If the Republicans pushing Trumpcare truly wanted a free market for health care, they stop letting doctors, hospitals and insurers hide the price.

In fairness, though, price transparency in health care has been a distant dream even under the Affordable Care Act. The reason doctors and hospitals don’t post price lists is that prices depend on what each insurer negotiates with each provider. There’s an Anthem price, an Aetna price, a Medicare price, a Medicaid price, even a price for people who have no insurance – and insurers and providers get to treat them as trade secrets. So far, as with efforts to shed light on drug prices, lobbyists for insurers and providers have thwarted most attempts to change that.

The Obama administration tried, but its Medicare and Medicaid price database is all but opaque to laymen. A tool put together by the California Department of Insurance and Consumer Reports is far better, but still can’t compare real-time prices at specific hospitals and providers because the only information it could legally access is aggregated, regional and two years old.

Some states, such as Massachusetts and New Hampshire, have moved to kill trade secret protections for healthcare prices. But they’re small. California isn’t.
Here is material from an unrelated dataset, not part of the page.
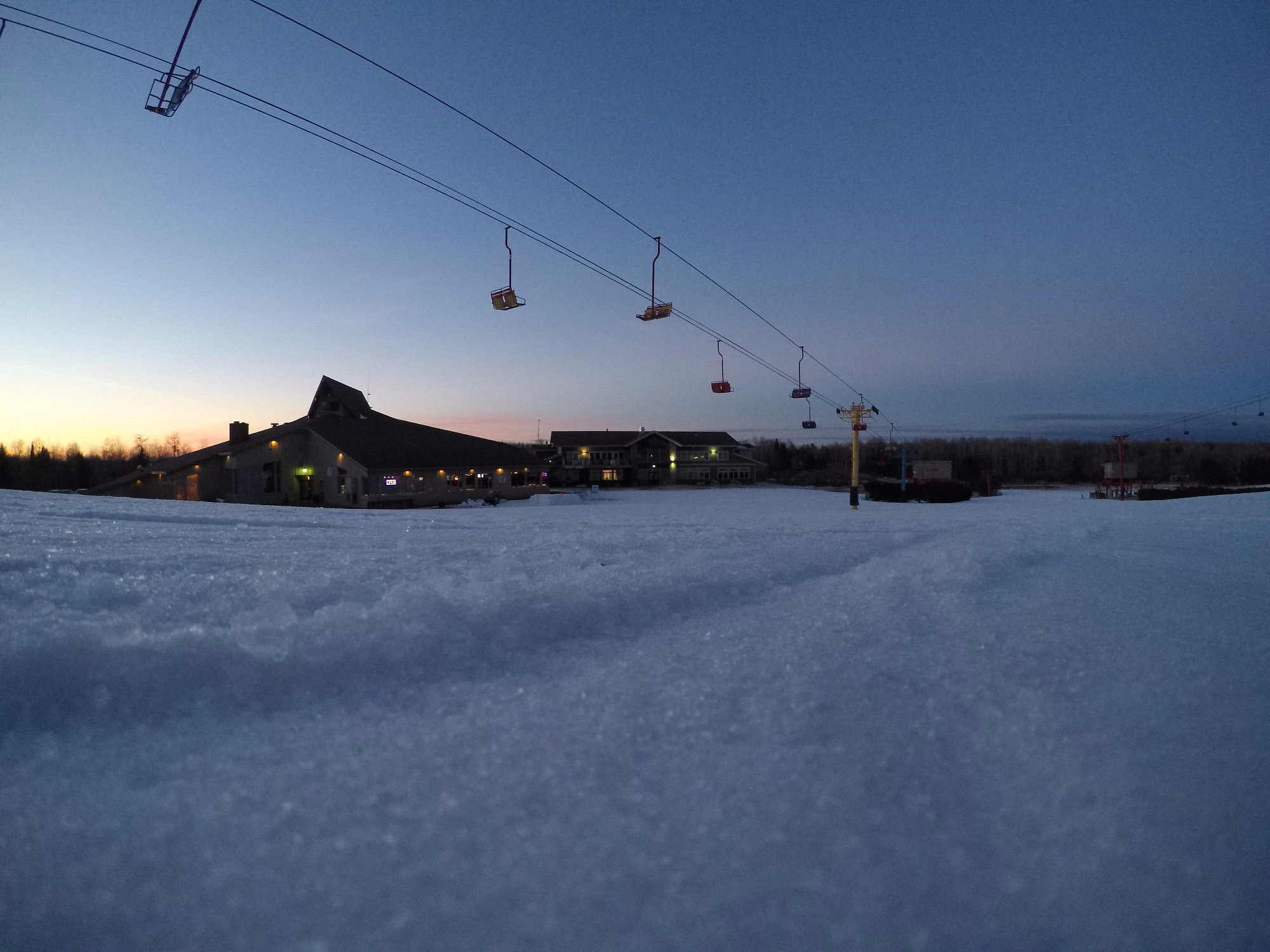 A view of Big Powderhorn Mountain in Michigan features a ski lift ascending the snowy slope, dotted with winter sports enthusiasts. Surrounding structures hint at a ski resort and chalet.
If state lawmakers here wanted to take a real practical step toward protecting Californians from Trumpcare, they should require doctor, hospital, lab and drug prices to be public, Insurance Commissioner Dave Jones told The Sacramento Bee editorial board on Wednesday. It also would help to require payers of healthcare services, including large self-insured employers, to report paid claims data to an independent organization, so that consumers in need of hospitalization or outpatient care could comparison shop.

Jones realizes this is a big ask. At least two health care transparency bills were gutted or killed here last legislative session. But he’s right to wonder what kind of free market keeps price tags under wraps.